A U.S. attorney's office in Brooklyn has subpoenaed the New York property development business owned by Jared Kushner's family, according to The Wall Street Journal.

The firm, Kushner Companies, was subpoenaed in May over an investment-for-immigration program, according to the report, at at least one development in Jersey City, New Jersey. The development, it said, was partially financed by a federal visa program known as EB-5.

The program allows entrepreneurs, their spouses and children under 21 to apply for a green card. Congress created the program in 1990 to "stimulate the U.S. economy through job creation and capital investment by foreign investors." Lawmakers then created the Immigrant Investor Program in 1992, according to U.S. Citizenship and Immigration Services. It says that it sets aside EB-5 visas for people who invest in commercial enterprises associated with regional centers approved by the government agency.

As part of the subpoena, New York prosecutors requested documents and emails, the report said, but it isn't clear what potential violations are being investigated.

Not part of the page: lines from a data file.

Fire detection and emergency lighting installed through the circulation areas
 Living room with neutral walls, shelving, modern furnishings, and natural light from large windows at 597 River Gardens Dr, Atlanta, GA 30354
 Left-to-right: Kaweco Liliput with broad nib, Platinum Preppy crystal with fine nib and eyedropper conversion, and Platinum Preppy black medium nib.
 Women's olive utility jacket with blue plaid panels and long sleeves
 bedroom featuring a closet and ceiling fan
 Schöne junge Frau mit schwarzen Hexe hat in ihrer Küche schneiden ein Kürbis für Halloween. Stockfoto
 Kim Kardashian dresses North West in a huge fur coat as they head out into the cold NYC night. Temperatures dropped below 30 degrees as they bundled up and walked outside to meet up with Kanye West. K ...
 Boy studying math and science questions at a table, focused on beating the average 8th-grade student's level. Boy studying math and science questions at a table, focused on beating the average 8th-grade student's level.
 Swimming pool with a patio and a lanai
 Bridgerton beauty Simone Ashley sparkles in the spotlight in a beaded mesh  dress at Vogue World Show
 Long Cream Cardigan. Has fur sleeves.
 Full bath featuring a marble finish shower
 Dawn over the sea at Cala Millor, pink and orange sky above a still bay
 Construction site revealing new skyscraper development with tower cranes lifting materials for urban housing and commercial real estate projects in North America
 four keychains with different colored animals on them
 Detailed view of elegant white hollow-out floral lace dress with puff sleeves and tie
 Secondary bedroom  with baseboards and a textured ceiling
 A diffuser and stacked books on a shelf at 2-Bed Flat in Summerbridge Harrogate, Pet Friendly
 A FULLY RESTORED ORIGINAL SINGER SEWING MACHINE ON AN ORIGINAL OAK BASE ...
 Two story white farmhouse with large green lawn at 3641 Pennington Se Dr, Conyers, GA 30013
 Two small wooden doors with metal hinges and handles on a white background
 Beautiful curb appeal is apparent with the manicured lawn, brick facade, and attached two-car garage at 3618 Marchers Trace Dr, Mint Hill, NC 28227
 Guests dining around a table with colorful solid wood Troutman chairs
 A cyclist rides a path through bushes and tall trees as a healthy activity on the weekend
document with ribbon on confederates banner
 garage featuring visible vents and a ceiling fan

"Kushner Companies utilized the program, fully complied with its rules and regulations and did nothing improper. We are cooperating with legal requests for information," the company's general counsel, Emily Wolf, told the newspaper.

The report says that the family company also used the EB-5 program for another Jersey City property as well, but it's unclear if the subpoena also applies to that one.

Kushner's personal attorney said in a statement Wednesday that he had recused himself from "matters concerning the EB-5 programs," the report said.